JIM Murphy has entered the race for the Scottish Labour leadership with a pledge to "bring Scotland back together" following the divisive referendum campaign, and make the country fairer and more prosperous.

Breaking a five-day media silence, the Shadow International Development Secretary last night announced: "I'm standing for First Minister of ­Scotland and I intend to win."

He added: "I want to bring Scotland back together after the referendum. There is so much to be proud of in Scotland but so much we have to change. I've travelled to every part of our country and I know that people want us to get on with tackling poverty and increasing prosperity. As leader of Scottish Labour and as First Minister of Scotland that is exactly what I will do."

The 47-year-old MP for East Renfrewshire, who has spent the past few days assembling a campaign team to contest the leadership, will officially launch his candidacy at an event on Saturday. Mr Murphy said he was proud of Labour and Scotland but was not satisfied, making clear it was "time for a fresh start for the Scottish Labour Party".

He stressed how he was "not going to shout at - or about - the SNP" and was intent on talking to and listening to Scotland.

"I want to strike a tone that stops the Scottish Labour Party from committing self-harm," he declared. "I want to unite the Labour Party but more importantly I want to bring the country back together after the referendum."

He becomes the third candidate in the race for the Scottish Labour crown after left-winger Neil Findlay MSP declared his intention to stand earlier yesterday.

The Shadow Scottish Health Minister said: "I want to bring the Labour Party together to work for progressive change and create a fairer, more equal and prosperous Scotland."

He added: "If elected Labour leader, I will put the issue of social justice at heart of everything we do; this is the historic mission of the Scottish Labour Party but it also has to be about what we deliver for the ­Scottish people in this post-referendum period."

Mr Findlay joined fellow Lothians MSP Sarah Boyack in the race to replace Johann Lamont, who resigned last week with a scathing parting shot against her Labour colleagues in London, whom she accused of treating Scotland like a "branch office".

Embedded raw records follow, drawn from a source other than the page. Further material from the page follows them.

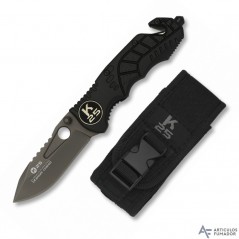 8,5  cm.  hoja  Navaja  Albainox  black  coated  K25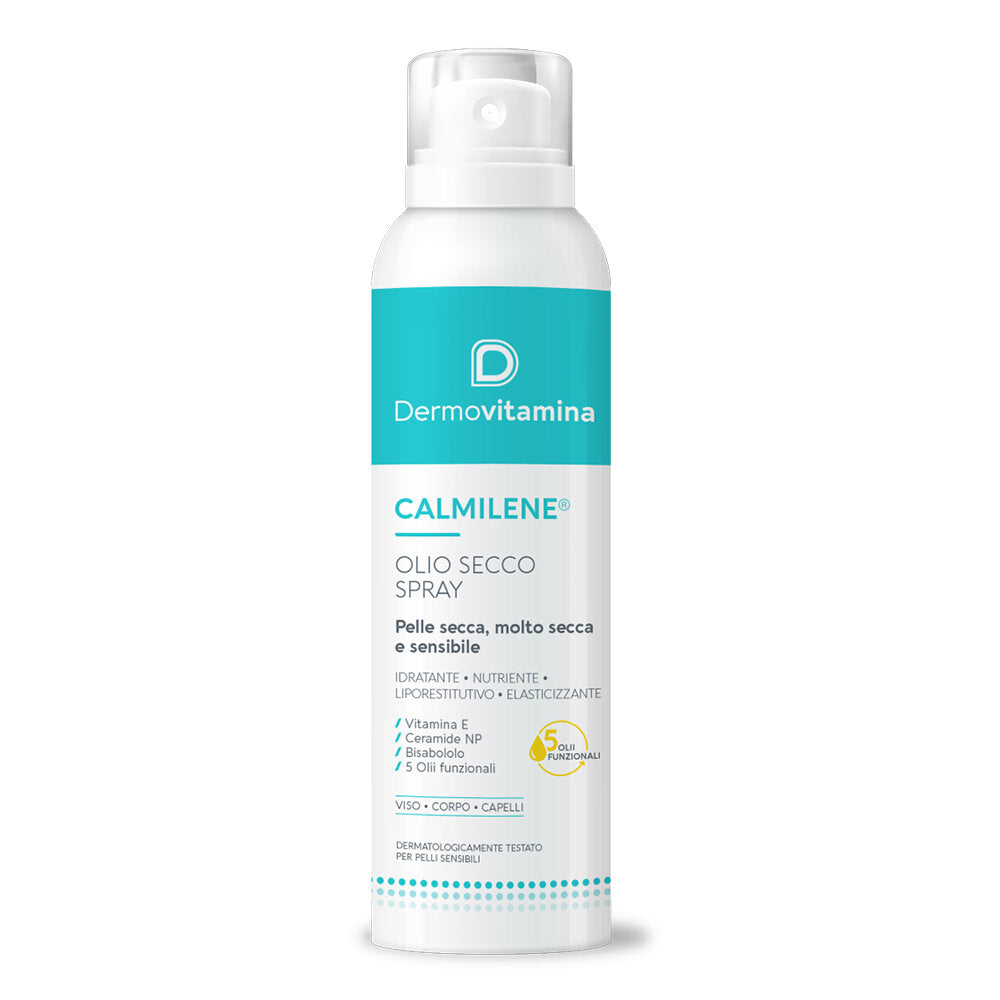 Dermovitamina Calmilene olio secco spray idratazione intensa pelli sensibili 200ml-3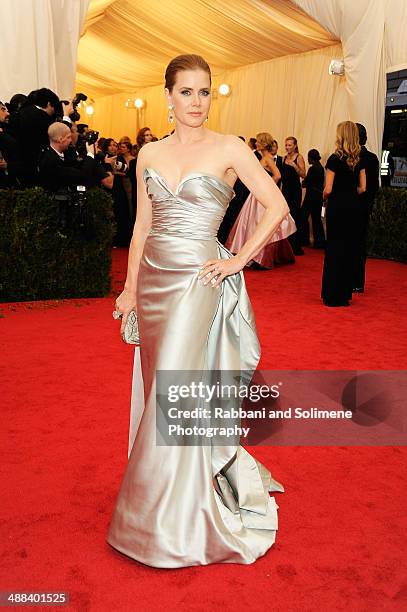 Amy Adams attends the "Charles James: Beyond Fashion" Costume Institute Gala at the Metropolitan Museum of Art on May 5, 2014 in New York City.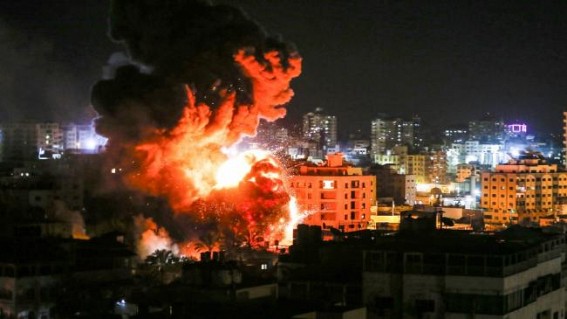 Israeli military strikes Hamas base in Gaza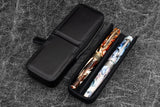Galen Leather Zippered Magnum Opus 2 Slot Pen Case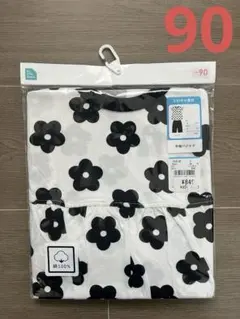 西松屋 花柄 半袖パジャマ さわやか素材 五分丈 90cm 新品未開封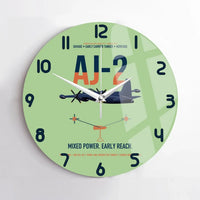 Thumbnail for AJ-2 Savage Tanker design on light green no frame wall clock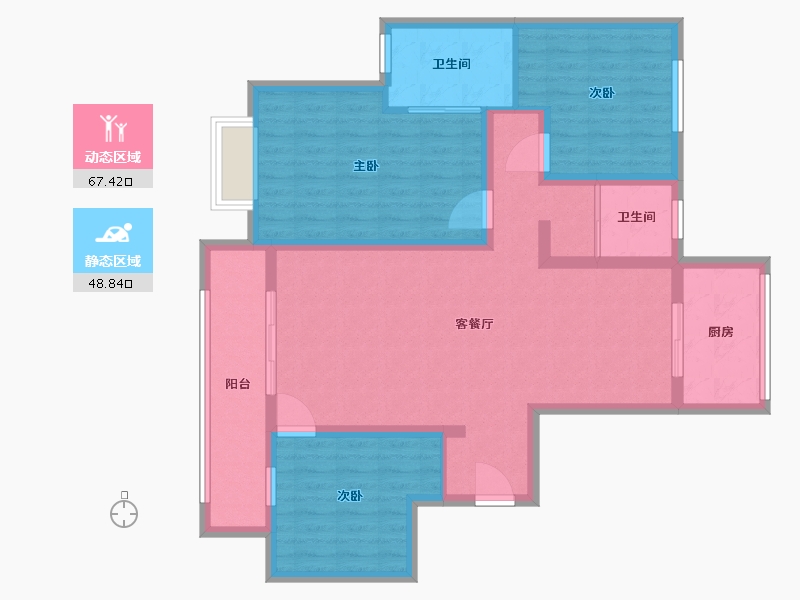 山东省-滨州市-拉菲公馆-104.00-户型库-动静分区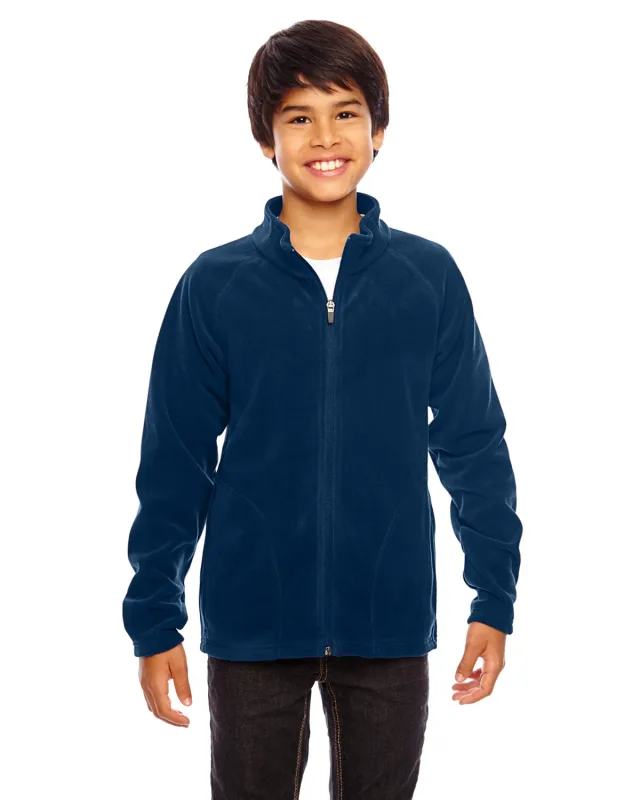 Team 365 Youth Campus Microfleece Jacket — view 22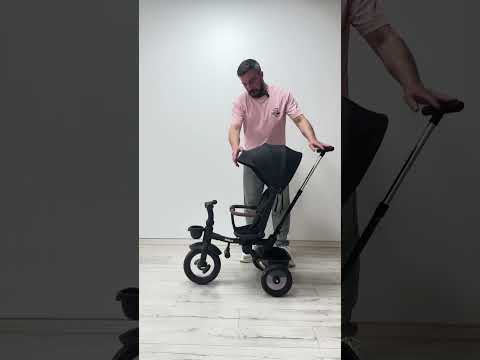 фото детский велосипед трехколесный marco bg 214-5 с ручкой 0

Mr Murphy, who has maintained a media blackout since Ms Lamont's resignation, was said to have been in Edinburgh yesterday, garnering support from MSPs.

Ian Davidson, the MP for Glasgow South, accused him of staging a Blairite "coup", insisting Ms Lamont had been treated shamefully by the frontbencher's allies. In a clear swipe at the East Renfrewshire MP, he added: "I don't think we can have an MP as leader, who has not expressed a previous interest in standing for Holyrood, but only wants to go in as leader."

However, one Westminster supporter of Mr Murphy insisted: "He is the right man. We need a leader who leads."